Rousseau : Je lui reproche, Monsieur, de s'éloigner du véritable bonheur et de n'avoir point tout à fait compris la véritable nature des hommes.
Voltaire : Vous savez, mon bon Jean-Jacques, vous êtes pour moi une continuelle source de surprise. Vous vous présentez chez moi en m'appelant « maître » et me reprochez maintenant les idées que j'ai passé ma vie à défendre !
Rousseau : Monsieur…
Voltaire : Mon bon ami…
Rousseau : Comment ce peut-il qu'un homme qui voit avec une telle clarté les défauts de notre société, mène une existence si éloignée des préceptes qui permettrait à l'homme de retrouver son bonheur ?
Voltaire : Je ne vois pas ce qui me permettrait d'être plus heureux que ce que je ne le suis, lorsque je m'ennuie je peux contempler quelques unes de mes plus belles toiles de maître ou bien me délecter de la lecture de l'un de vos fameux discours. Lorsque je suis fatigué d'une dure journée, je peux me prélasser dans un bain chaud avant de me couvrir de confortables soieries.

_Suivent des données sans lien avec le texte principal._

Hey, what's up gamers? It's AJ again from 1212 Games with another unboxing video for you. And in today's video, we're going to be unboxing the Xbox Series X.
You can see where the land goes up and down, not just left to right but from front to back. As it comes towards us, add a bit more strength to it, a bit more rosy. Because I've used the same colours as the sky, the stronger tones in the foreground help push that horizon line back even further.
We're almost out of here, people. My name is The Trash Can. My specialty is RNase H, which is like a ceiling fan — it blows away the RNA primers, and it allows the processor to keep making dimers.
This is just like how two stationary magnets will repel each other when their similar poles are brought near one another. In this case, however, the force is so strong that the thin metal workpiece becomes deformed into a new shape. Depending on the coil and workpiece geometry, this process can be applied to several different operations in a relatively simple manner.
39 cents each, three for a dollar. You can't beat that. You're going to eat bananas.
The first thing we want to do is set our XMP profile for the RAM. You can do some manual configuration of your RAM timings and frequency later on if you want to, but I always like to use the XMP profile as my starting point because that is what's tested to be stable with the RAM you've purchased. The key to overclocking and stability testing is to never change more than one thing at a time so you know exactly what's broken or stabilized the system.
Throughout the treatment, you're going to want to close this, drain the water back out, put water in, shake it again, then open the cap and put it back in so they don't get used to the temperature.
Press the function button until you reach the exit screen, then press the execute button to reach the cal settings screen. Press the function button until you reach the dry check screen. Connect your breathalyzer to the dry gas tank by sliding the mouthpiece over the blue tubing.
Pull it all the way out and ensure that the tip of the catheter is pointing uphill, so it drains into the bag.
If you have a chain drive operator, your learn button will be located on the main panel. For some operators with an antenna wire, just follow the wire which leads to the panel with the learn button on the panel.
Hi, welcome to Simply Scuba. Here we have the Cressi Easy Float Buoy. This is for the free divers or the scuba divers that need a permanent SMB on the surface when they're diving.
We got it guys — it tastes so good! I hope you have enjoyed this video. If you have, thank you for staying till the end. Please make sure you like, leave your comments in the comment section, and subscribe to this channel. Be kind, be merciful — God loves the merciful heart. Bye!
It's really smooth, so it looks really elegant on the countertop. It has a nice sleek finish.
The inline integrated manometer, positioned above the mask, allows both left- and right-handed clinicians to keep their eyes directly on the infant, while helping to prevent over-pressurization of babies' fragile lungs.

(Rousseau lève les yeux au ciel, fait un geste large et théâtral avec sa main comme pour souligner la futilité de tout ce dont Voltaire lui parle. Voltaire s'arrête, le regarde avec dédain, contemple sa tenue improbable.)
Rousseau : Monsieur, il vous faudra bien admettre que tout ce que vous citez comme source de bonheur n'est que corruption pour l'humanité, le luxe dont vous vous parez et dans lequel vous vivez ne mène qu'à l'avidité et à l’orgueil. Deux maux qui accablent l'humanité et qui ne contribuent nullement à son bonheur ! Le mot « luxe » provoque en moi un sentiment de révolte, et il devrait en être de même pour vous ! Un homme qui a fait dire au nègre du Surinam «C'est à ce prix que vous mangez du sucre en Europe... » ne peut pas ne pas se rendre compte que sa vie de confort n'entraîne que le malheur d'une grande part de l'humanité !
Voltaire : Je vous arrête, mon bon Jean-Jacques, vous me faites trop d'honneur en me prêtant des écrits qui ne sont pas de moi, je ne suis point responsable de ce que peut penser le Docteur Ralph !
(Voltaire, toujours tout sourire, continue de darder un regard perçant et moqueur sur Rousseau, il semble se délecter de son énième pique. Rousseau pour sa part rougit, gardant difficilement l'air grave qu'il arbore depuis le départ de la conversation, et semble tout prêt d’exploser.)